> About this task: Line by line, set down the records below from the first line through the line containing "This Is My First". Omit the pictures.

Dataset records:
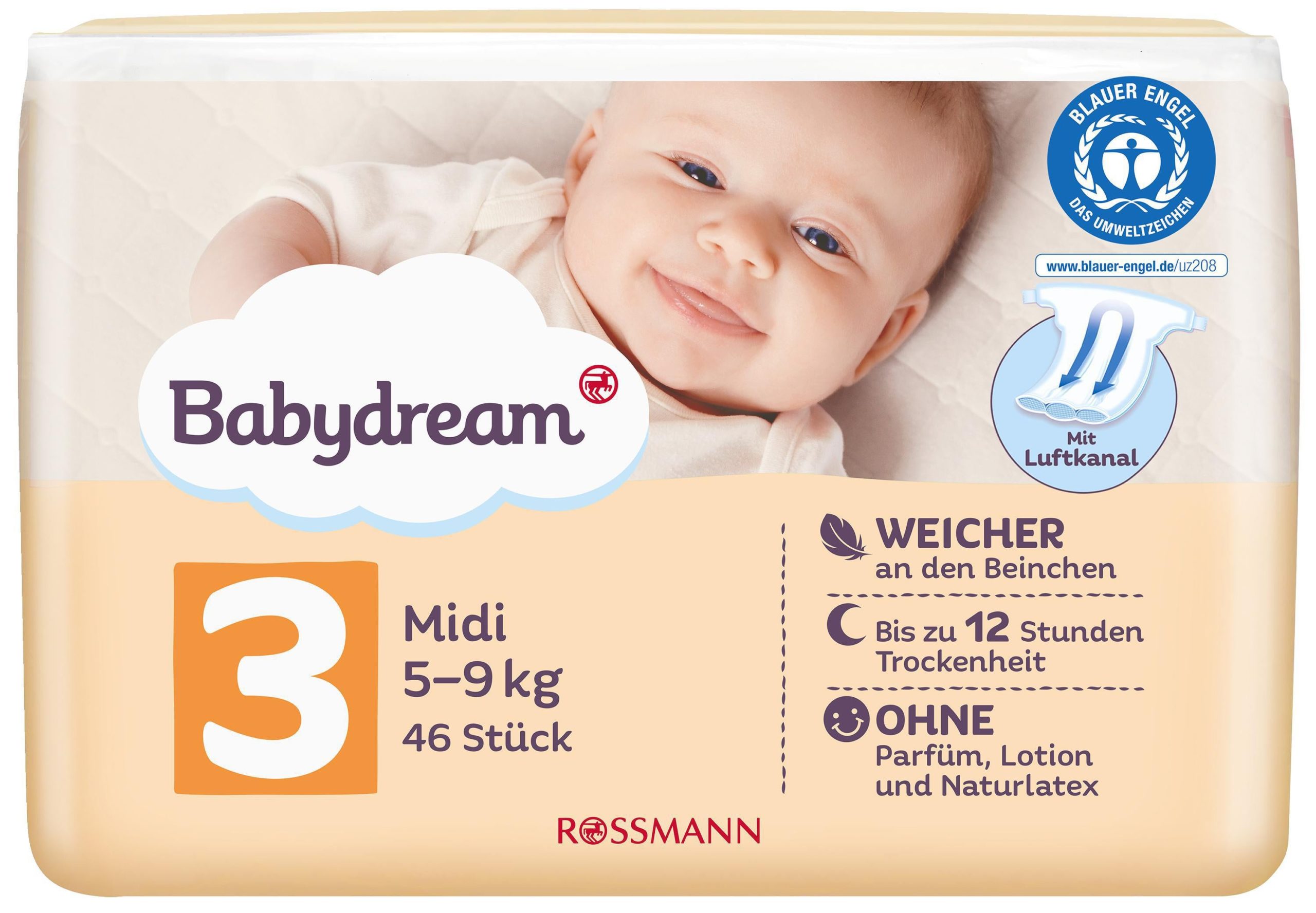 pampers babydream 3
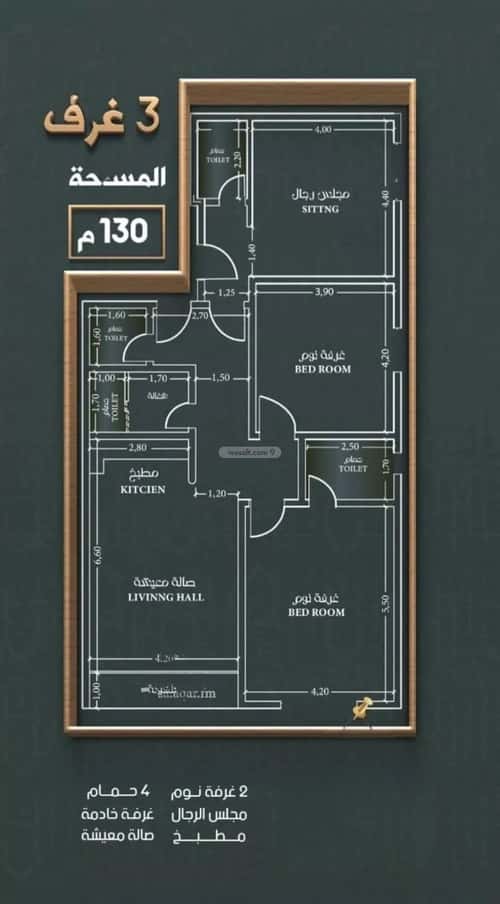 شقة ب 3 غرف النهضة، شمال جدة، جدة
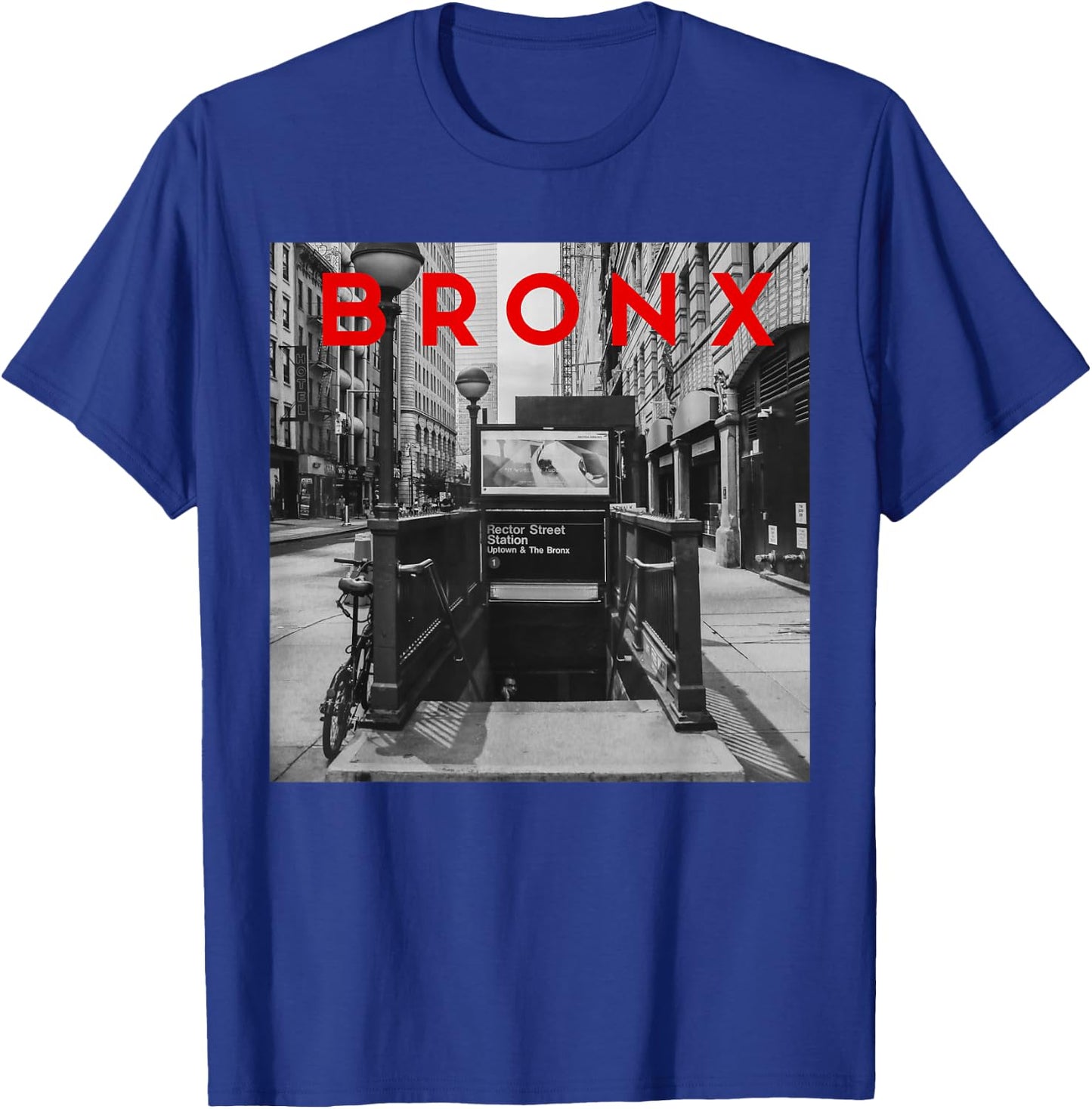 Bronx NYC T Shirt Subway City T-Shirt - T-Shirt | Royal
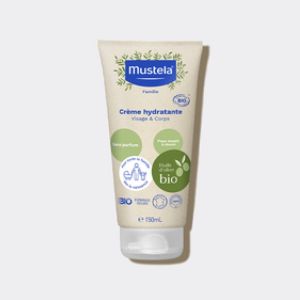 MUSTELA BIO Crème Hydratante 150ml Certifiée Bio, sans Parfum - Huile d' Olive Bio, Aloe Vera Bio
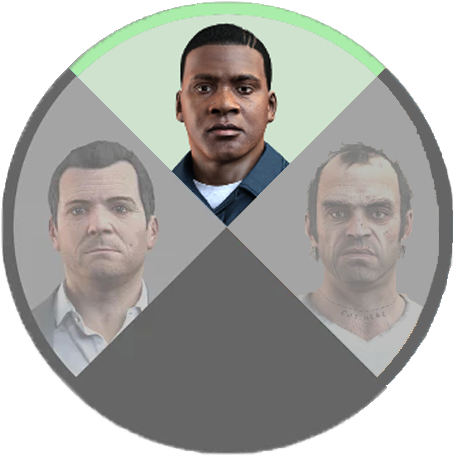 This Is My First Mod That Change The Character Wheel - Cj En Gta 6 (480x480), Png Download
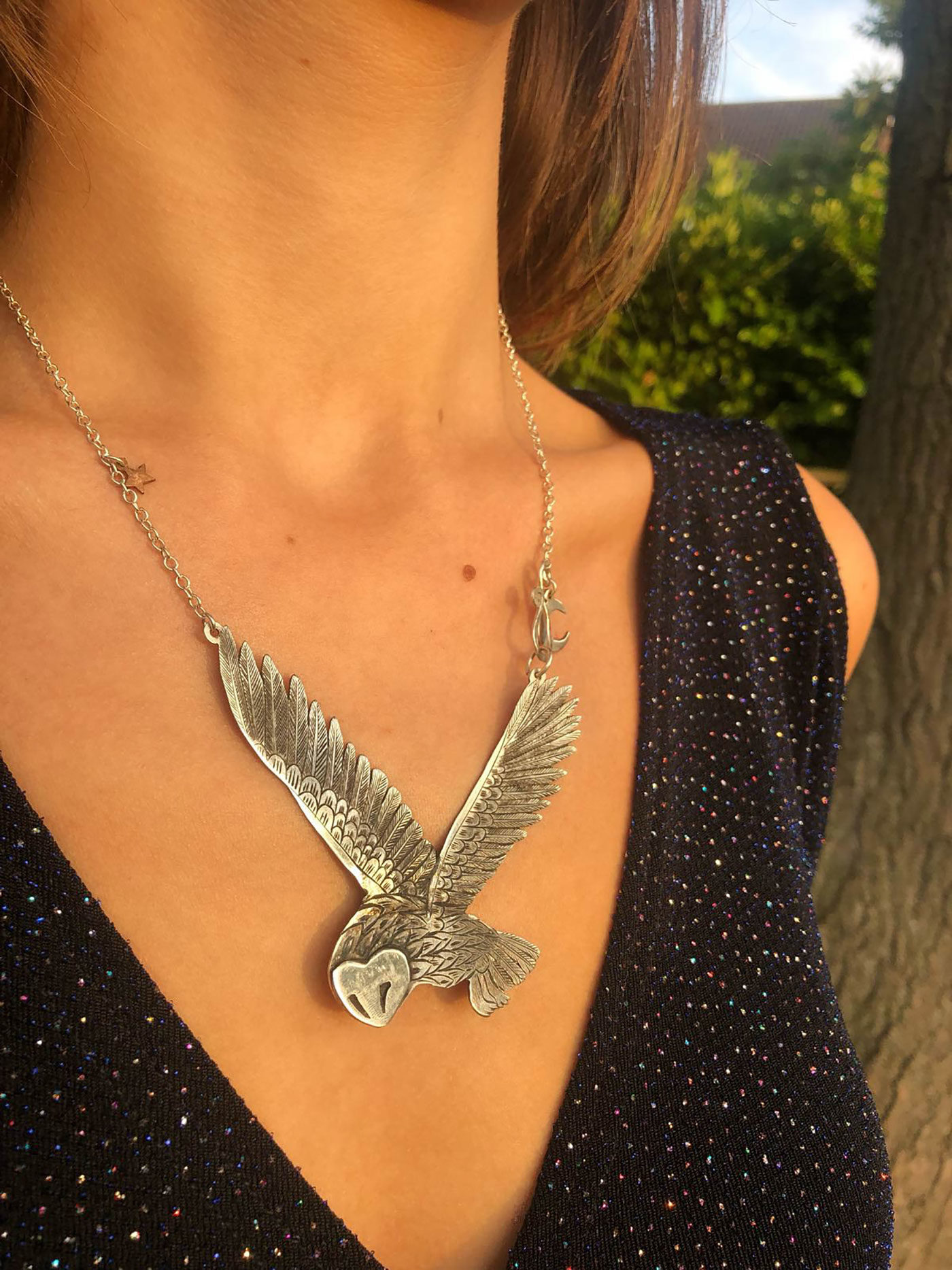 Owl jewellery - ethical handcrafted and recycled jewellery made by independent artisan workshop in Cambridge England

> Answer to the exercise:
 pampers babydream 3
 شقة ب 3 غرف النهضة، شمال جدة، جدة
 Bronx NYC T Shirt Subway City T-Shirt - T-Shirt | Royal
 MUSTELA BIO Crème Hydratante 150ml Certifiée Bio, sans Parfum - Huile d' Olive Bio, Aloe Vera Bio
 This Is My First Mod That Change The Character Wheel - Cj En Gta 6 (480x480), Png Download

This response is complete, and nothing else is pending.